■ EXERCISE PROMPT
Print the data once more, exactly as given. Drop the pictures.

[[ DATA PROVIDED open ]]

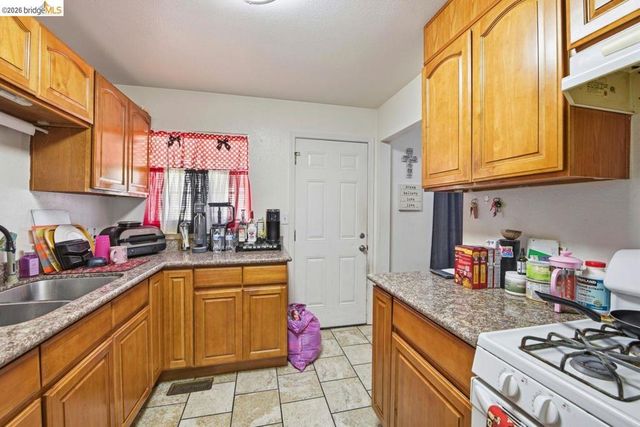 5936 Martin Luther King Jr Way, Oakland, CA 94609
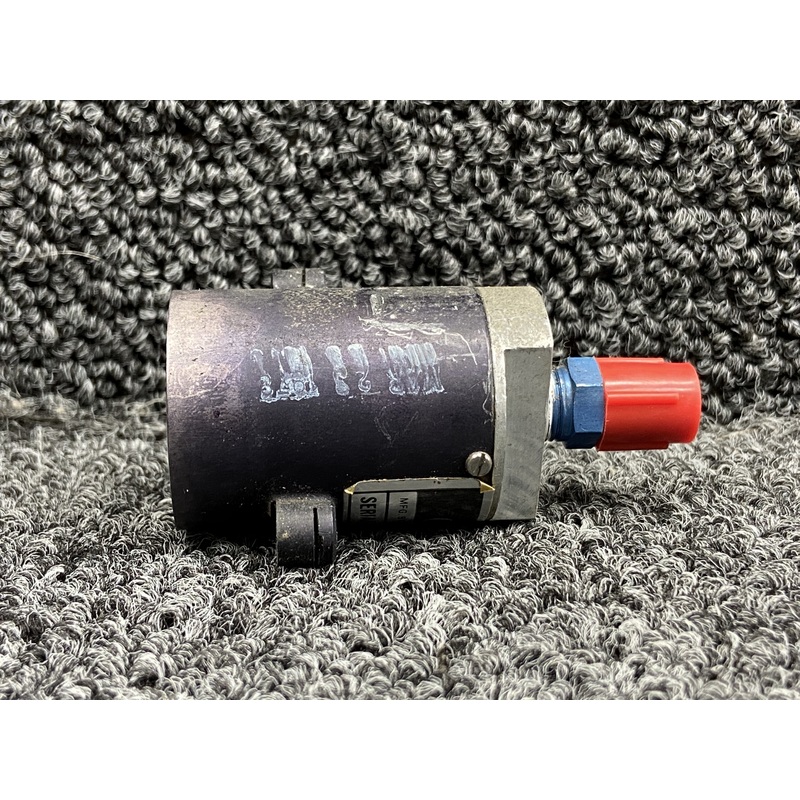 C662023-0103 UMA Fuel Pressure Indicator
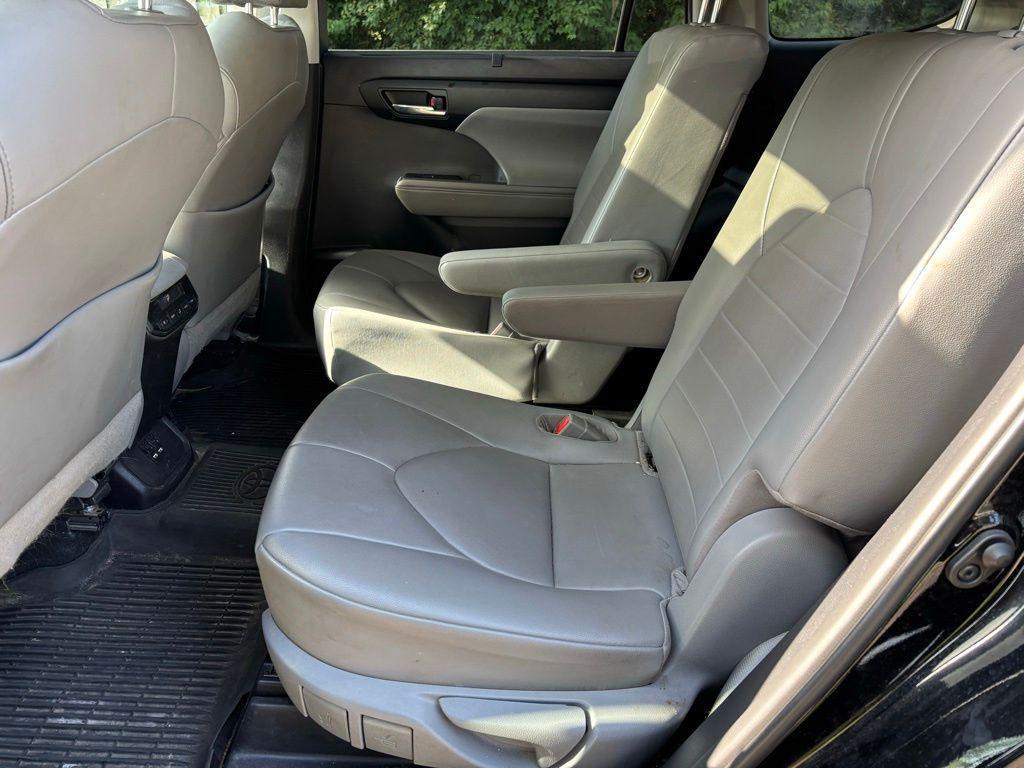 used 2020 Toyota Highlander car, priced at $31,188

[[ DATA PROVIDED closed ]]

■ COMPLETED TASK
 5936 Martin Luther King Jr Way, Oakland, CA 94609
 C662023-0103 UMA Fuel Pressure Indicator
 used 2020 Toyota Highlander car, priced at $31,188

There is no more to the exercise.